Apart from the character of Haider played out so well by Shahid Kapoor, there are a handful of actors here who could meet the usual challenges, and more, of a Shakespearean play.Tabu is the obvious choice for the role of Haider's mother, and if her performance doesn't surprise you, it is because she has already proven her talent in many other movies. She is the perfect fit for Ghazala, as she could portray her moments of misery, grief, love and lust so convincingly. Shraddha Kapoor portrays Arshia so well, and it is in fact a lengthier and more demanding role than the conventional ones of Ophelia prototypes. Kay Kay Menon as Haider's uncle Khurram, Irrfan Khan as the mysterious Roohdaar/Messenger/Ghost and Narendra Jha as Haider's father Dr. Hilal Meer do great justice to their roles. Another strongpoint worth mentioning is how the music director-turned-film-director Vishal Bhardwaj uses the remarkable songs of Haider to keep all its themes together so skilfully in an invisible string. There is even a theatrical-dance-puppet performance that serves the purpose of the mousetrap scene of Hamlet



Some may ask whether the movie would work for those who aren't familiar with the works of Shakespeare. I feel it would, though I can't say whether it would be on a higher or lower level than those who can't shake the Shakespeare out of their existence. I saw the movie in a small theatre hall in Trivandrum and the audience comprised mostly of a few young North Indian students/employees and a lot of migrant workers who were clearly rooting for Shahid Kapoor and the plot (abandoning the other big Hritik Roshan movie playing in the much bigger hall in the same theatre complex). I could sense how well the transformation of Haider was received, and how all the jokes and philosophical bits worked for all in the same manner, no matter whether they knew their Hamlet or not. I could even decipher a few well timed sighs and gasps.



Each film director would have a favourite spot in the 'original' work when they think of an adaptation. Here that spot turns out to be the complex relationship between Haider and his mother, with its added layers in the Indian context. The scenes in which both of them appear together are replete with a lot of tension, and then relief, and then tension again. They do exploit each other a lot emotionally, shamelessly, as mothers and sons do. Something quite similar in the movie is the way Arshia and her father are depicted. It's all a great risk, I agree, as the overall approach is not to be mistaken as melodramatic. The director manages, somehow, to plod his way back to the central themes even as he spends some extra seconds on the digressions he holds close to his heart. I couldn't observe any lapses in editing or signs of confusion in Bhardwaj's narration. He knows his Hamlet well enough, and knows exactly what he is trying to do with it in his movie - that's what I felt. 

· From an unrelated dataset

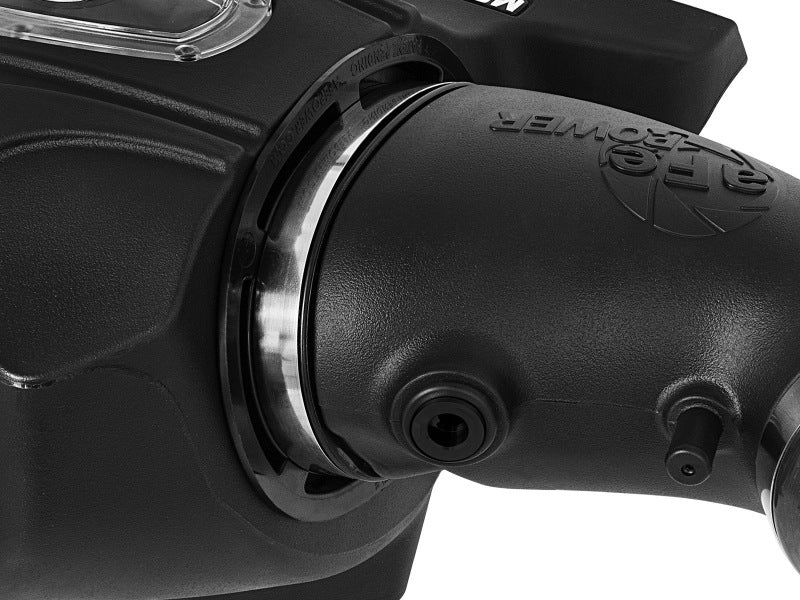 aFe POWER Momentum GT Pro Dry S Cold Air Intake 12-17 Jeep Grand Cherokee SRT-8/SRT V8-6.4L HEMI aFe Cold Air Intakes  AXOPROS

There is a difficult part that has to be addressed as well. Haider is set in a time when forced identities existed as a fear in the minds of people. Now it is a reality. Things haven't improved, but deteriorated drastically. There are even disputes and violence over how the place names in Kashmir should or should not appear in the Indian map. People get thrashed, killed, or worse still, treated as traitors on a daily basis for just being themselves. The fact that there has to be one-liners and afterwords to the work of art in an attempt to appease the different 'parties' involved in the time-space aspects of the story should make one reflect on the challenges that existed, and haven't vanished yet, from the times of Shakespeare - regarding the freedom of expression. Much like the bard who played around with what he was supposed to say through some characters without compromising much on his central themes, Bhardwaj overcomes some of the political risks with a few compromises. Discerning audiences just have to rise up to the challenge of seeing what is really the part of the film's original vision, and what its unnecessary appendages are.